Sanji menggeleng. "Cuma keinget pas itu," ia berkata pelan.

Mobil kembali hening oleh suaranya dan Zoro, hanya terisi lantunan musik. Ketika mobil berhenti di depan lampu merah, Zoro meraih tangan Sanji dan menggenggamnya. Sanji menoleh, menunggu Zoro mengatakan sesuatu. Tapi pria berambut hijau itu tidak kunjung mengatakan apapun dan hanya menggenggam tangannya, mata berfokus pada jalanan di depan.

Ketika lampu merah berganti menjadi hijau, genggamannya melemah dan lepas. "Hangat nggak?" tanyanya saat mengendarai mobil.

"Hah?"

"Tangan gue,"

Sanji mengangguk, masih belum tahu kemana arah pembicaraan ini.

"Tandanya gue masih hidup," ucapnya.

Dan seketika Sanji terkesiap.

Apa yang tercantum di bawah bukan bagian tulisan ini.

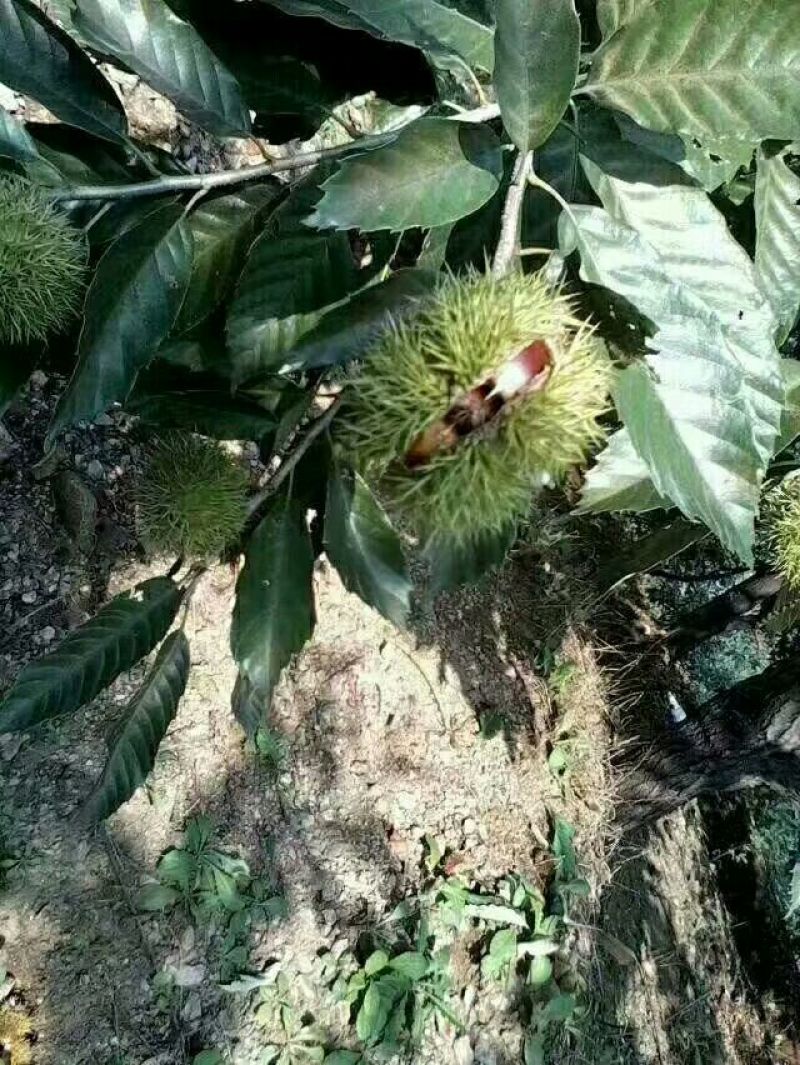 燕山板栗特选炒栗种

Ia menatap Zoro yang raut wajahnya tidak mampu ia baca. Selama ini ia menyimpan kesulitannya sendiri, menorehkan luka dan trauma. Ia merelakan hubungan dengan keluarganya meskipun keselamatan Zoro masih belum pasti. Ia bahkan tidak tahu apa Zoro akan membuka mata dengan luka yang sebegitu parah. Sanji menunduk, menyembunyikan wajahnya di atas lutut.

"Jangan nangis," suara Zoro terdengar lembut tapi juga bergetar. Sebelah tangannya mengelus punggung Sanji.

Sanji menangis lebih keras ketika mendengarnya.

.
.

Zoro membuka pintu mobil untuk Sanji meskipun pria itu menolak. Ia memberikan tangannya, melempar senyum kecil. "Mau gandengan?" Ia bertanya. Sanji mengaitkan jarinya dengan milik Zoro sebelum berjalan bersama.

"Lo bisa pesen meja di sini?" pria pirang itu masih terkesan, menatap setiap sudut restoran yang ramai. Pramusaji yang melayani mereka membawa keduanya duduk di sebuah meja di samping jendela.

Zoro melepaskan jas dari bahunya dan mengeluarkan kotak beludru, menyembunyikannya dalam kepalan tangan sebelum menitipkannya pada pramusaji. Sanji sendiri sudah mulai membuka buku menu, melihat-lihat isinya dengan antusias.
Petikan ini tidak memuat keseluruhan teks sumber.